Data extracts:
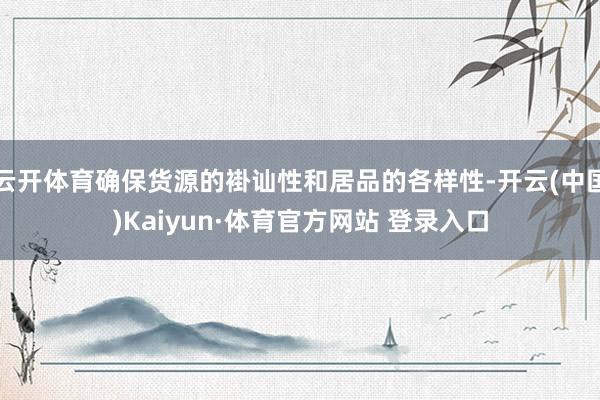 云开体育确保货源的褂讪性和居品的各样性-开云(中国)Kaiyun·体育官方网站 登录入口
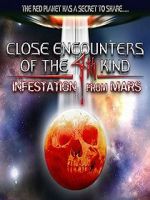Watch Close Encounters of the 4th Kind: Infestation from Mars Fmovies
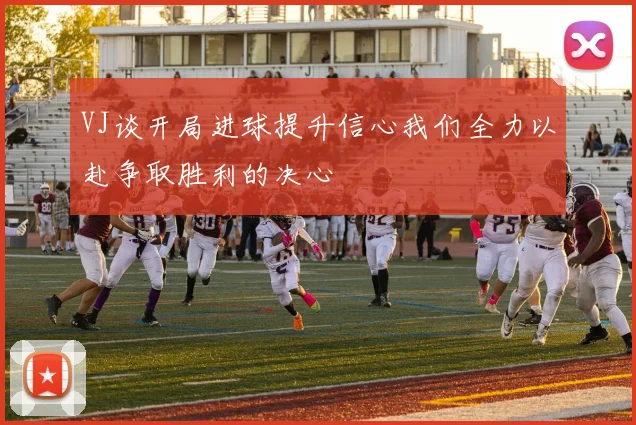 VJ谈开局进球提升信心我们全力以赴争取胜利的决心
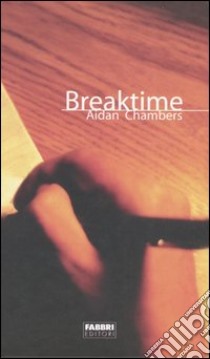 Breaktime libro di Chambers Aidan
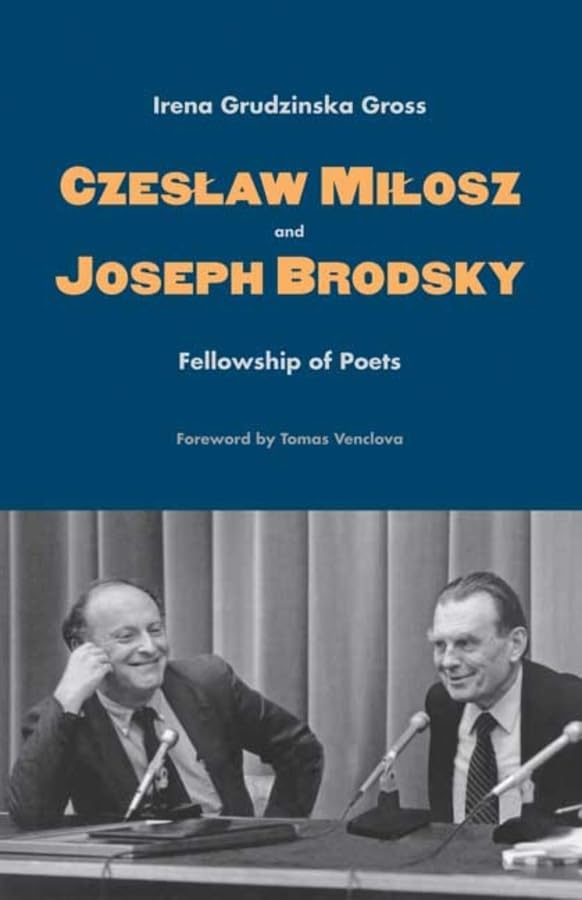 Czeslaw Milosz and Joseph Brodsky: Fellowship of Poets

* * *

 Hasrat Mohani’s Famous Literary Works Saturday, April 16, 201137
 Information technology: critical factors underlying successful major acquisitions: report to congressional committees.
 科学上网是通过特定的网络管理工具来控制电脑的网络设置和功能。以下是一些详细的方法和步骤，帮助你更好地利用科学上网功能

About this exercise: Within the listing above, print exactly the stretch beginning at the line that contains "VJ谈开局进球提升信心我们全力以赴争取胜利的决心" and finishing at the line that contains "Czeslaw Milosz and", ends kept, pictures left out, and nothing more.

Result for this task:
 VJ谈开局进球提升信心我们全力以赴争取胜利的决心
 Breaktime libro di Chambers Aidan
 Czeslaw Milosz and Joseph Brodsky: Fellowship of Poets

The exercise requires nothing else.